The potential is immense in unravelling the complete consumer journey, as the distributed ledger will record all the transactions from all the gardens without any concern of letting their own information overflowing, but equally have a say in the overall understanding of the journey as well.
The same technology can also be used to ensure that brands are provided authentic adjacency to the environment in which the communication in placed, by independent scoring.
Smart contracting is another obvious intervention for marketers especially when there are multiple partners involved in a project that requires interim sign offs across the entire value chain from content to its distribution and the commerce thereafter.
Why should this be the next critical understanding for marketers?
Disintermediation due to Internet has transformed all markets into platforms. There are multiple stakeholders constantly interacting with each other playing different roles, often competing but equally building value to each other. The only reason why anyone will come to a platform is when there is “trust” and then there is “mutual benefit”.
Blockchain technology helps build trust between two stakeholders without compromising either position.
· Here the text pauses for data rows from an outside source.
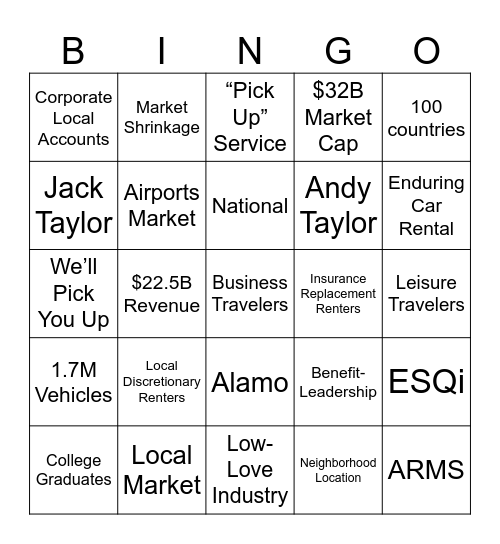 Enterprise Rent-A-Car Bingo Card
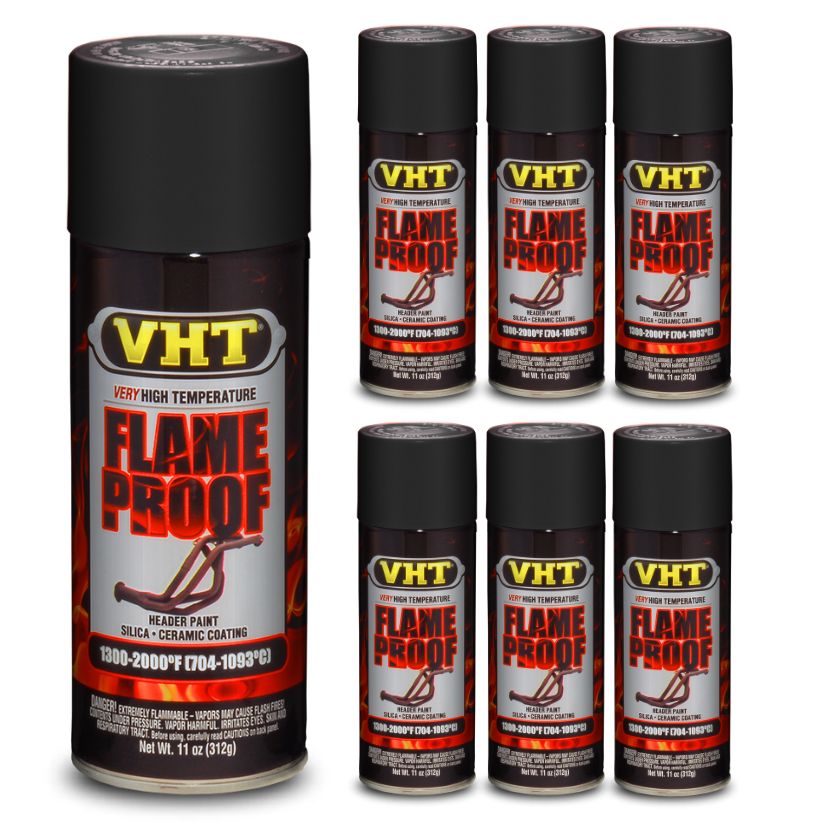 6 x VHT Flame Proof High Heat Coating Header And Exhaust Spray Paint Black SP102 - South East Clearance Centre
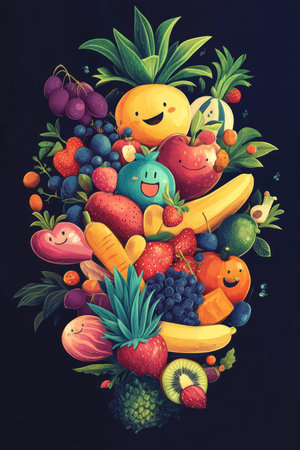 A stylized and educational illustration of vitamins and nutrients personified as friendly, glowing characters, symbolizing the importance of a balanced diet.の素材
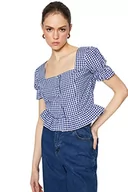Bluzki damskie - Trendyol Damska bluzka o regularnym kroju z kwadratowym kołnierzem, granatowa, 34, granatowy, 60 - miniaturka - grafika 1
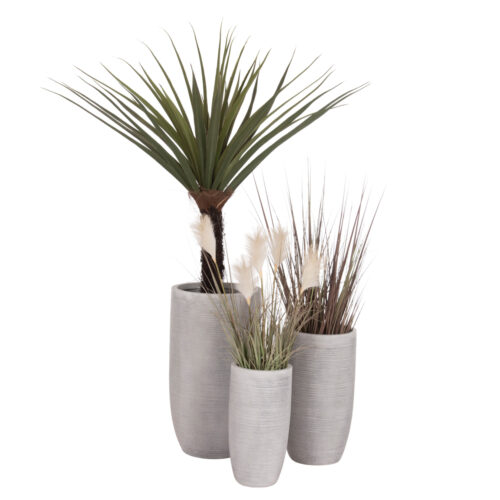 ΣΕΤ 3ΤΜΧ ΓΛΑΣΤΡΕΣ ΚΥΛΙΝΔΡΟΙ ΣΕΙΡΑ GARDENER HM4721 FIBERCLAY-ΧΡΩΜΑ CEMENT Φ42x78Υεκ (x1)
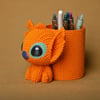 3d Baskı Knitted Kalemlik - Sevimli Karakterli Masaüstü Kalem Organizeri-turuncu Çok Renkli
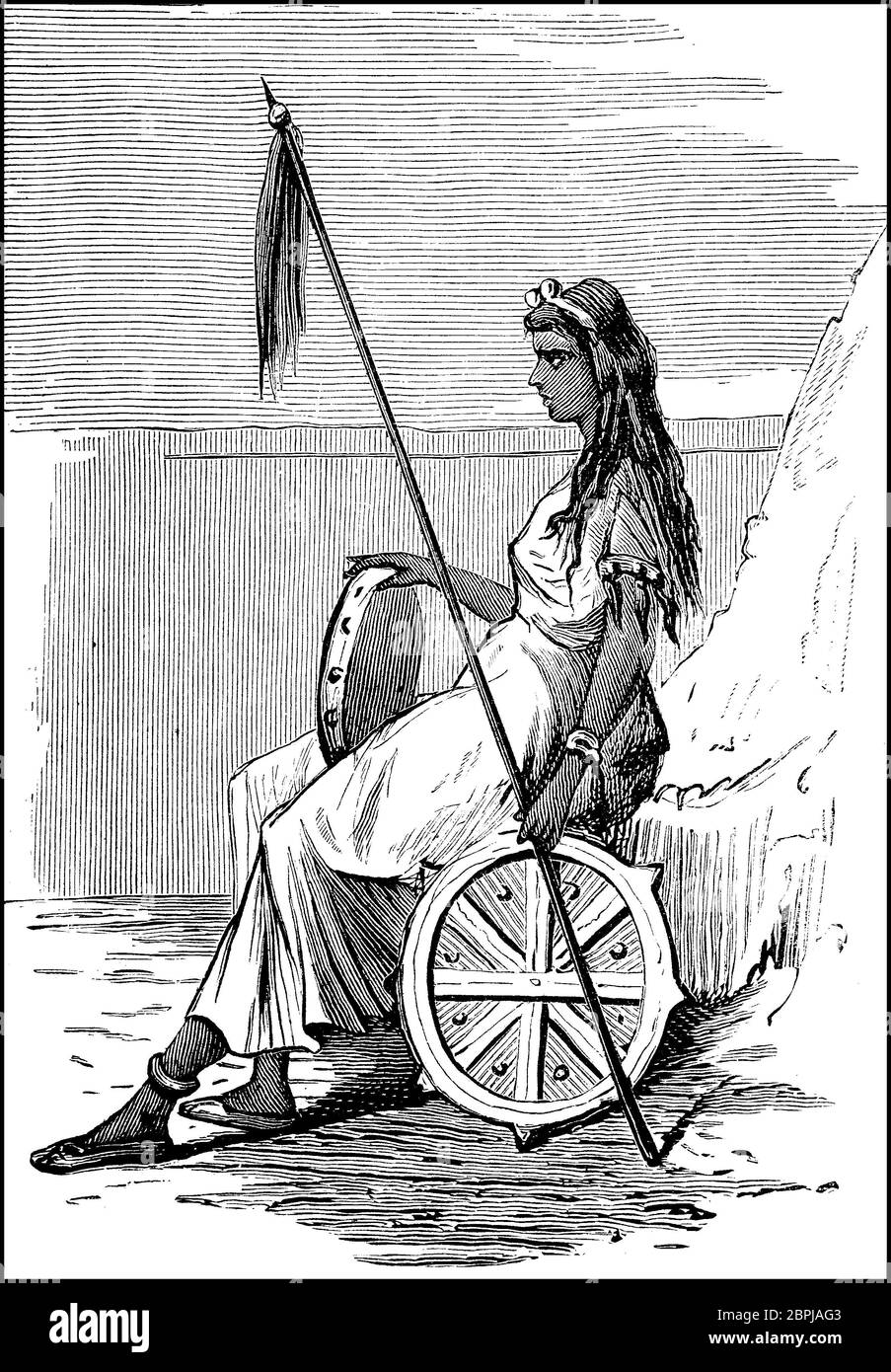 Sciamano donna dall'Afghanistan, donne nel 19 ° secolo / Frau, Schamanin aus Afghanistan, Frauen im 19. Jahrhundert, Historisch, storico, digitale riproduzione migliorata di un originale del 19 ° secolo / digitale Reproduktion einer Originalvollage aus dem 19. Jahrhundert Foto Stock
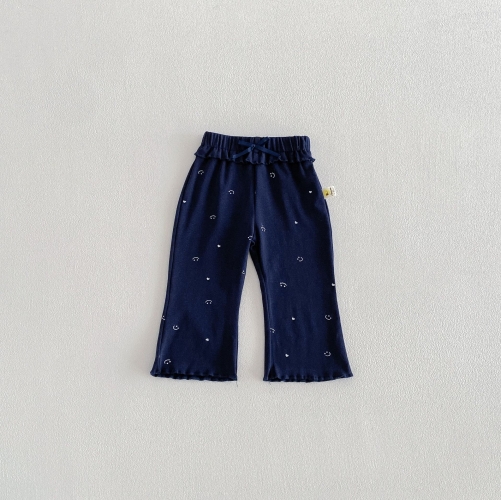 2026 Spring and Autumn New Arrival Baby Kids Girls Smiling Face Pattern Pants Wholesale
Even as marketers strive to break down silos in their own organizational divisions across sales, commerce, insights and technology, a better understanding of this technology will help a marketer find a viable solution not just for their internal stakeholders, but equally external stakeholders to interact without any concerns and build value.
The last significant intervention was the emergence of Internet that disrupted the marketing process and gave operational efficiencies; the next intervention will be Blockchain that is going to help marketers build trust and consensus amongst varied stakeholders to build a meaningful relationship between the consumer and the brand.